Chapter 2 - Mathematical Foundations

Slides

Lecture slides here. (To convert html to pdf, press E $\to$ Print $\to$ Destination: Save to pdf)

Chapter Summary

Time-to-event data require specialized techniques for analysis. These tend to focus on the survival function $S(t)$ and the hazard function $\lambda(t)$ of the latent (uncensored) event time $T$. Some methods rely on parametric models, while others leverage counting processes and martingales for robust inference.

Notation and basic quantities

An outcome event time can be represented either as a random variable $T$ or as a counting process $N^*(t) = I(T \le t)$. The survival function is defined as \[ S(t) = \mathrm{pr}(T > t), \] while the hazard function $\lambda(t)$ quantifies the instantaneous risk of experiencing the event at time $t$, conditional on survival up to that point. The cumulative hazard function is obtained by integrating $\lambda(t)$ over $[0, t]$: $\Lambda(t) = \int_0^t \lambda(u)\,\mathrm{d}u$, and relates to $S(t)$ via \[ \Lambda(t) = -\log\bigl\{S(t)\bigr\} \quad\Longleftrightarrow\quad S(t) = \exp\bigl\{-\Lambda(t)\bigr\}. \] This relationship is central in survival analysis.

Simple parametric models for $T$ include the exponential, Weibull, Gamma, and log-normal distributions, each with distinct hazard functions.
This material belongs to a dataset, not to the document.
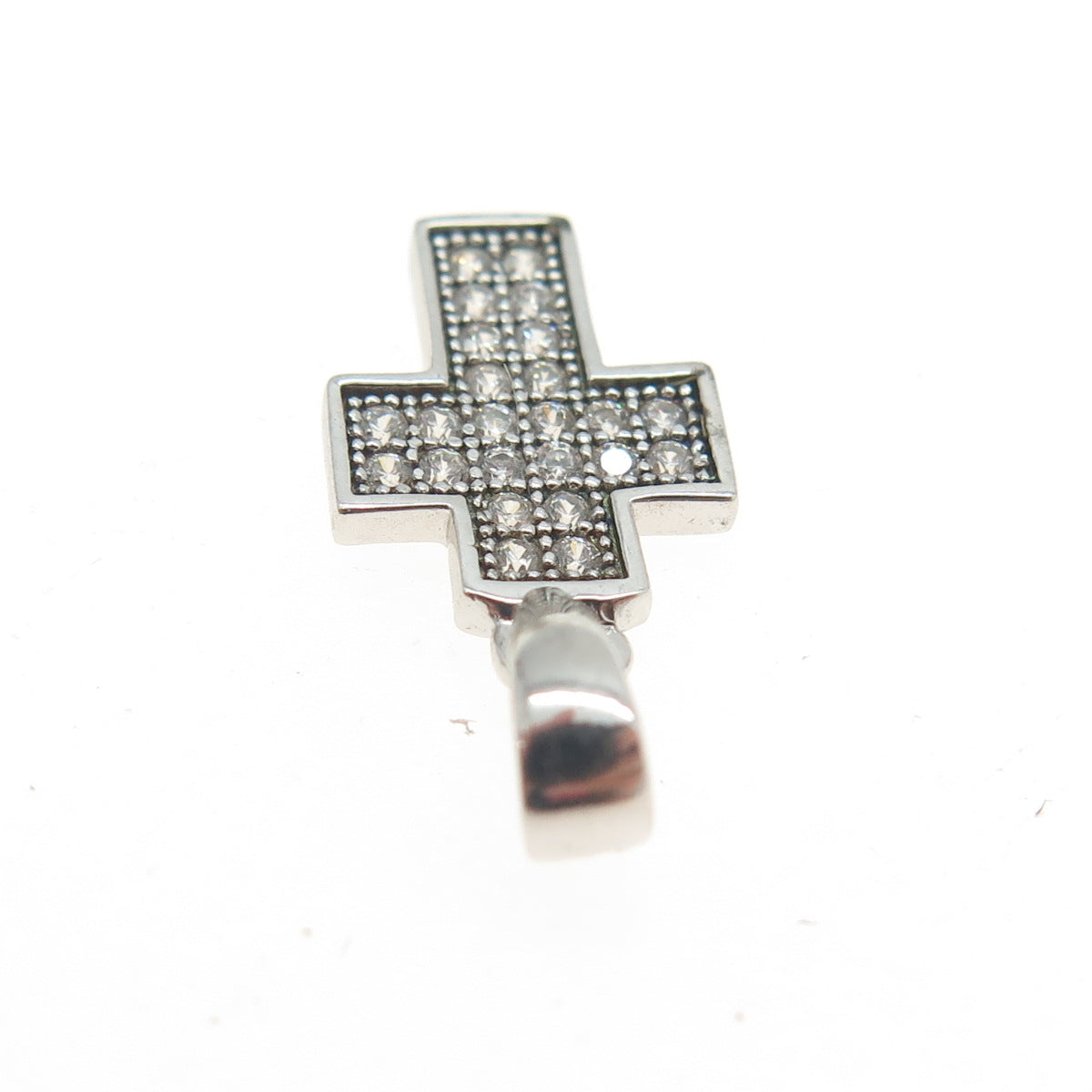 925 Sterling Silver Pave C Z Cross Pendant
The exponential model assumes constant hazard, while the Weibull model allows for time-varying (but still monotone) hazards.

Observed data and likelihood

In practice, the event time is subject to censoring by time $C$. As a result, we only observe $X = \min(T, C)$, along with the event indicator $\delta = I(T \le C)$. Under independent censoring, the likelihood function for the observed data $(X, \delta)$ is given by \[ p\bigl(X,\delta\bigr) \;=\; \lambda\bigl(X\bigr)^{\delta}\,S\bigl(X\bigr). \] This means that, for a sample of size $n$, the log-likelihood is \[ \ell_n(\theta) = n^{-1}\sum_{i=1}^n \Bigl\{ \delta_i\,\log \lambda\bigl(X_i;\theta\bigr) \;-\; \int_{0}^{\infty} I\bigl(X_i \ge t\bigr)\,\lambda\bigl(t;\theta\bigr)\,\mathrm{d}t. \Bigr\} \] where $\lambda(t;\theta)$ is the hazard function parametrized by $\theta$. We can use this general expression for the log-likelihood to derive maximum likelihood estimator for any parametric models.
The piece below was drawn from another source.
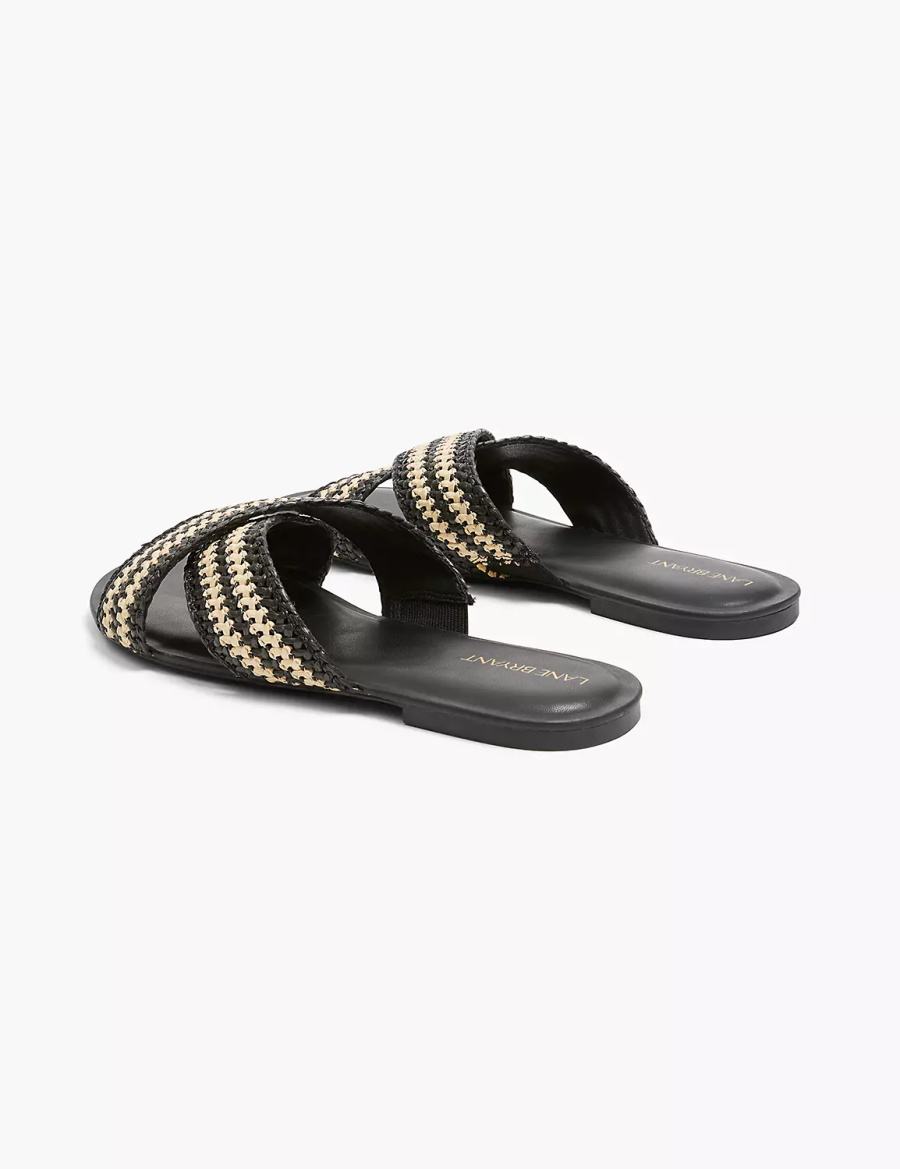 Lane Bryant Dream Cloud Criss-Cross Raffia Women Slide Sandals Black | HDQ9465FE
Stochastic integrals and martingales

To count the observed event under censoring, define $N(t) = N^*(t\wedge C)$, where $x\wedge y = \min(x, y)$. The step function $N(t)$ takes a jump of size 1, i.e., $\mathrm{d}N(t)=1$, at $t = X$ if $\delta = 1$; it stays flat if $\delta = 0$. Hence, any function of the form $\delta h(X)$ can be re-written as a stochastic integral $\int_0^\infty h(t)\mathrm{d}N(t)$.

If we consider $\mathrm{d}N(t)$ as the Bernoulli response of event occurrence at time $t$, then we can decompose it into $\mathrm{d}N(t) = I(X\ge t)\lambda(t)\mathrm{d} t + \mathrm{d}M(t)$, where \[ \mathrm{d}M(t) \;=\; \underbrace{\mathrm{d}N(t)}_{\text{Observed}} \;-\; \underbrace{I\bigl(X \ge t\bigr)\,\lambda(t)\,\mathrm{d}t}_{\text{Expectation given data prior to $t$}}. \] is the martingale increment.

The martingale property of $M(t)$ implies that the expectation of $\mathrm{d}M(t)$, given the event history up to time $t$, is zero. It also implies that the increments at different times are uncorrelated. This property of uncorrelated increments simplifies the variance calculation for martingale integrals of the form: \[ \int_0^t h(u)\,\mathrm{d}M(u) \] Many test statistics, estimators, and score functions can be expressed in the above form, and the martingale properties facilitate their asymptotic analysis.

Conclusion

Although $T$ may not be directly observed, the partial information in $(X, \delta)$ still supports principled inferences about its distribution. Parametric models describe $\lambda(t)$ or $S(t)$ via a likelihood-based approach, while a martingale-based framework captures event processes through residuals and their properties. The latter approach will be utilized extensively in the non- and semi-parametric analysis presented in later chapters.